I luoghi dove avvengono le predazioni sono sparsi su tutta la Penisola e sono molto ben conosciuti da quel mondo che, con tutti gli strumenti possibili, dalle tagliole, agli archetti, alle reti nascoste nella vegetazione, cerca di distruggere ecosistemi e biodiversità.
Sono gli stessi luoghi dove i Carabinieri forestali del CITES hanno l’onere di far rispettare la Convenzione di Washington, la carta che dovrebbe controllare il commercio degli animali e delle piante, una delle principali cause dell'estinzione delle specie viventi. Il gruppo specializzato di militari lavora costantemente con attività e operazioni di prevenzione e repressione dell’illegalità.
La kill zone segnalate dal Ministero dell’Ambiente
Per cercare di difendere al meglio gli uccelli migratori di questi luoghi, il ministero dell’Ambiente ha individuato delle kill zone del bracconaggio italiano, dove viene fatta quotidianamente dai carabinieri attività e operazione di prevenzione e repressione dell’illegalità. E, pur con fatica, i risultati si vedono. Anche grazie a leggi dure che prevedono accuse di reato molto gravi, che vanno dall’associazione a delinquere alla ricettazione, al maltrattamento di animali.

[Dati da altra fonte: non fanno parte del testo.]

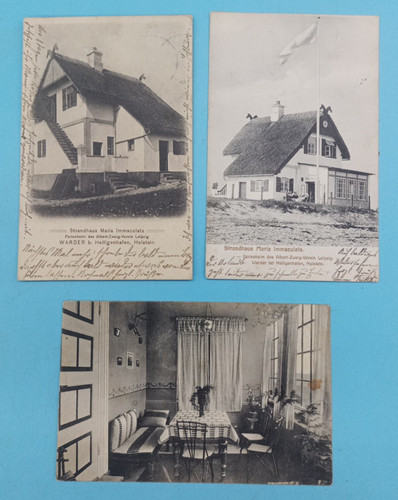 Haus maria immaculata - ak, immaculata"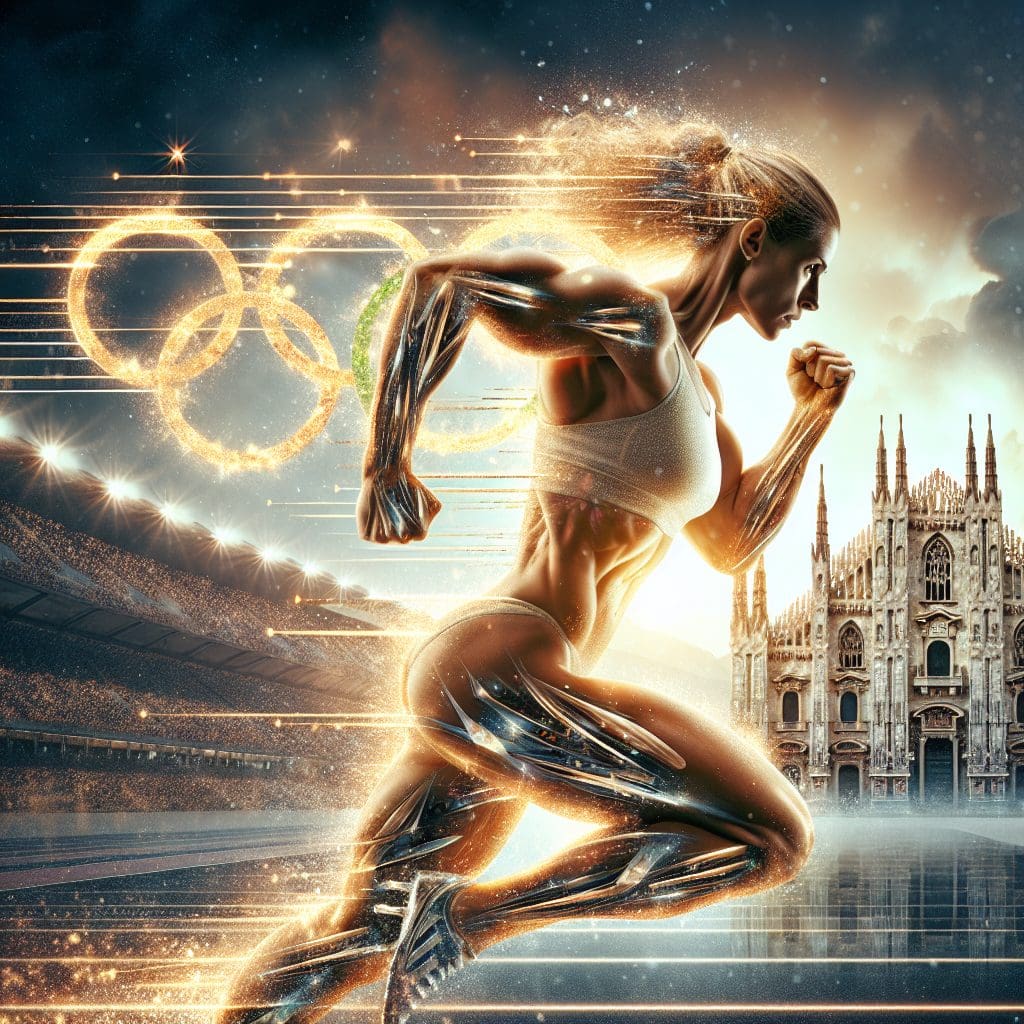 U.S. athlete Oksana Masters secures third gold medal in Milano Cortina, marking her 22nd career Paralympic medal.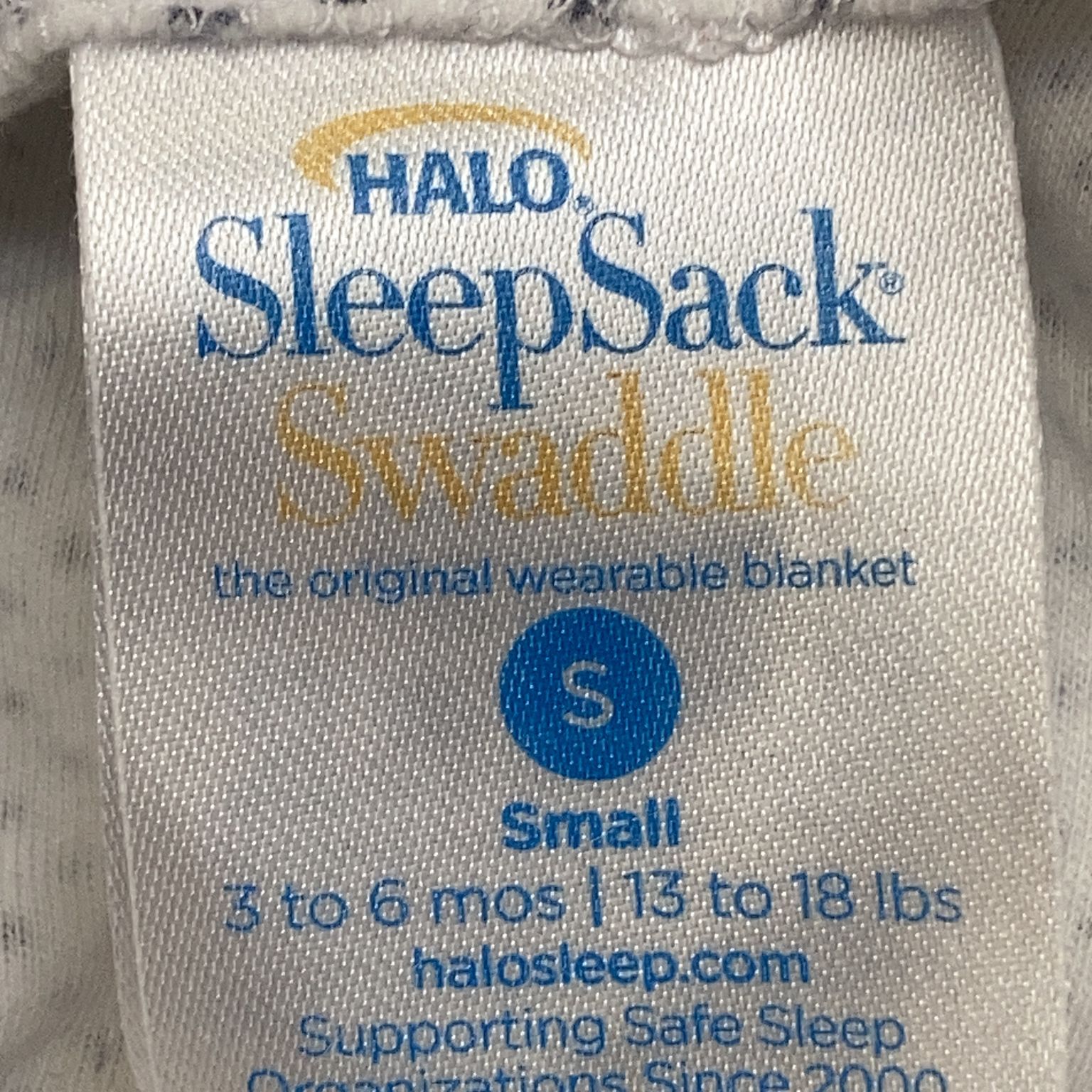 Halo Sleepsack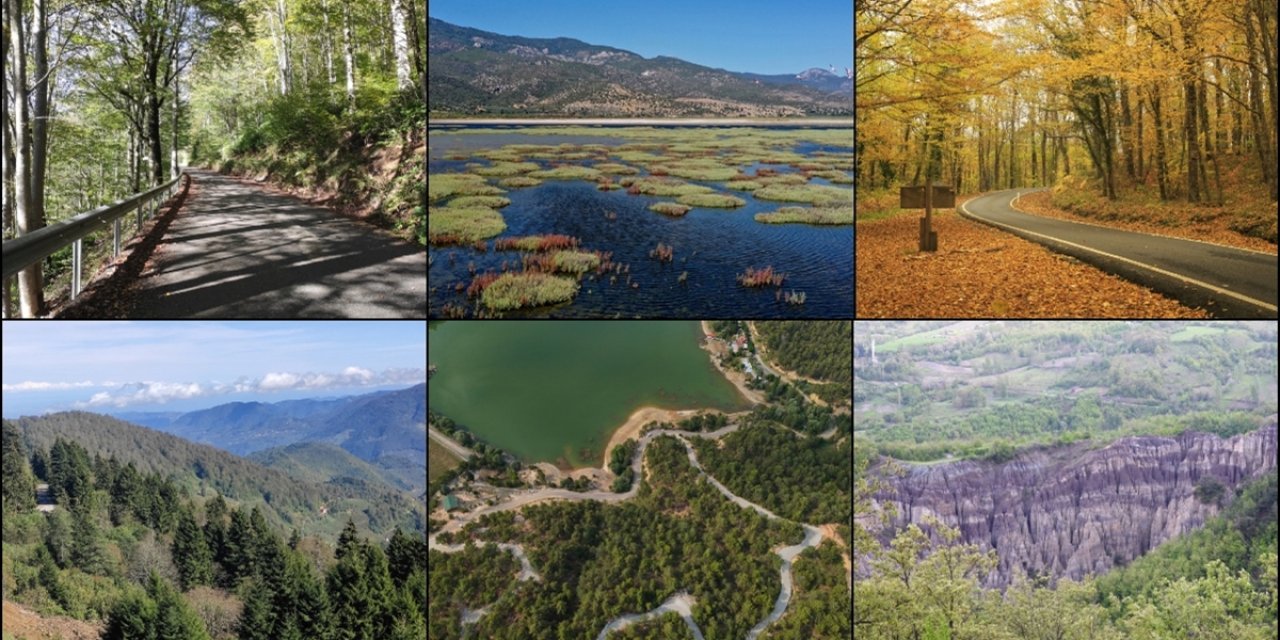 Türkiye'de Korunan Alan Sayısı 692'ye Yükseldi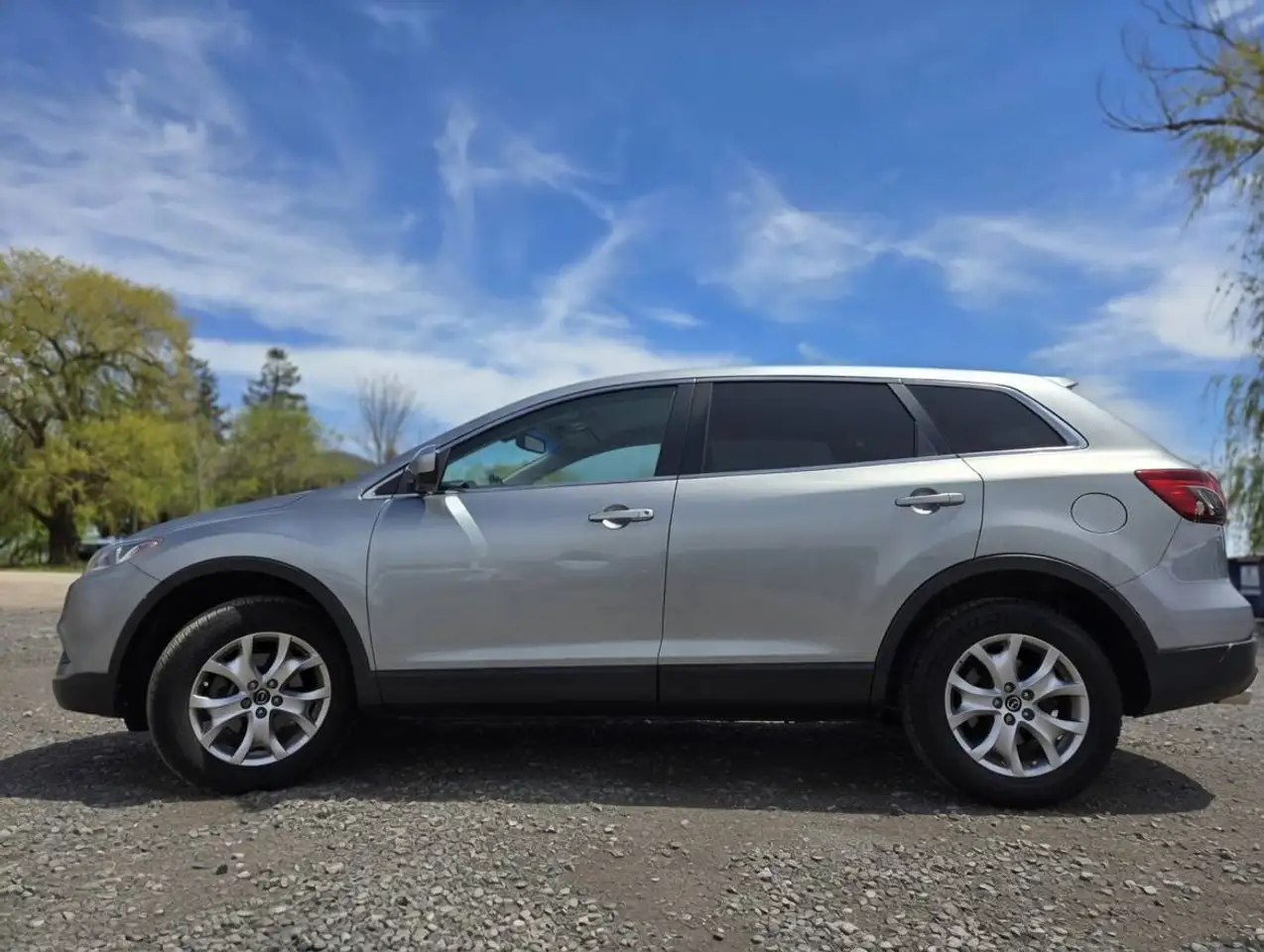 Mazda CX-9 photo Mazda CX-9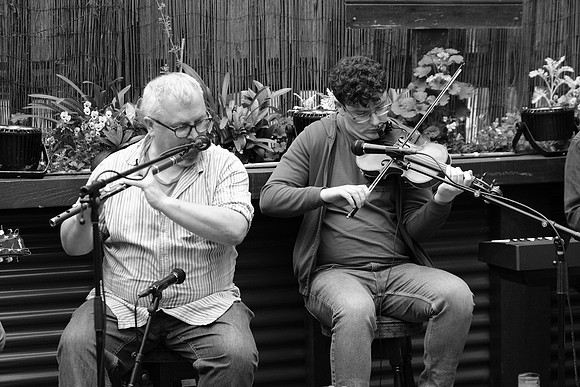 0047 Sessions on the Shannon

Valli alpine e prealpine della provincia di Brescia
Val Camonica, Val Trompia e Valle Sabbia sono le principali valli dove ogni anno, tra settembre e ottobre, avviene il contrasto contro la cattura dell’avifauna. In queste zone è soprattutto il pettirosso l’uccello più catturato, insieme al fringuello, alla peppola, alla cincia mora e altri ancora. La motivazione principale della cattura di questa piccola specie di volatile è per rendere omaggio alle ricette della cucina tradizionale veneta e bresciana con la tipica polenta e osei. Il problema è che la caccia di questi uccelli è vietata perché sono una specie protetta.
A rischio i fischioni e le oche selvatiche sul Delta del Po
Sul Delta del Po le specie più in pericolo sono i fischioni, le oche selvatiche ma anche le folaghe e beccaccini. Qui i militari, per fermare la predazione agiscono con le barche, perché il territorio con le sue insenature e i suoi boschi dove i cacciatori riescono a infiltrarsi, è un luogo molto complicato per combattere il bracconaggio.
Sullo Stretto di Messina si uccide il falco adorno per superstizione
Sullo Stretto di Messina la difesa è nei confronti principalmente del falco pecchiaiolo, detto anche adorno, ma tra gli altri, ci sono anche la poiana, il nibbio bruno, il gufo di palude, il gheppio e il capovaccaio. Addirittura qui la caccia di questo volatile, non ha risvolti economici, ma assurdamente si fa per una superstizione secondo la quale uccidere un adorno prometterebbe una vita tranquilla. Un usanza barbara che sta fortunatamente scemando, grazie sia alle campagne di prevenzione dei militari, sia agli sforzi di volontari e associazioni ambientaliste.
In Sicilia il bottino solo le uova dell'Aquila e della berta maggiore
In Sicilia chi se la vede brutta è l’aquila del Bonelli alla quale il bracconaggio “ruba” le uova dai nidi. Ma non se la passa bene nemmeno il falco lanario, nonché diverse specie di altri falconiformi. Molto diffusa la predazione delle uova della berta maggiore che depone un solo uomo l’anno in tre luoghi diversi, ma di cui Linosa è il più importante.
Gli altri black spot controllati sono le coste e zone umide pugliesi, soprattutto il Foggiano, col Parco nazionale del Gargano e la riserva naturale salina Margherita di Savoia; la Sardegna meridionale, le coste campane e laziali comprese le isole Ponziane e Flegree.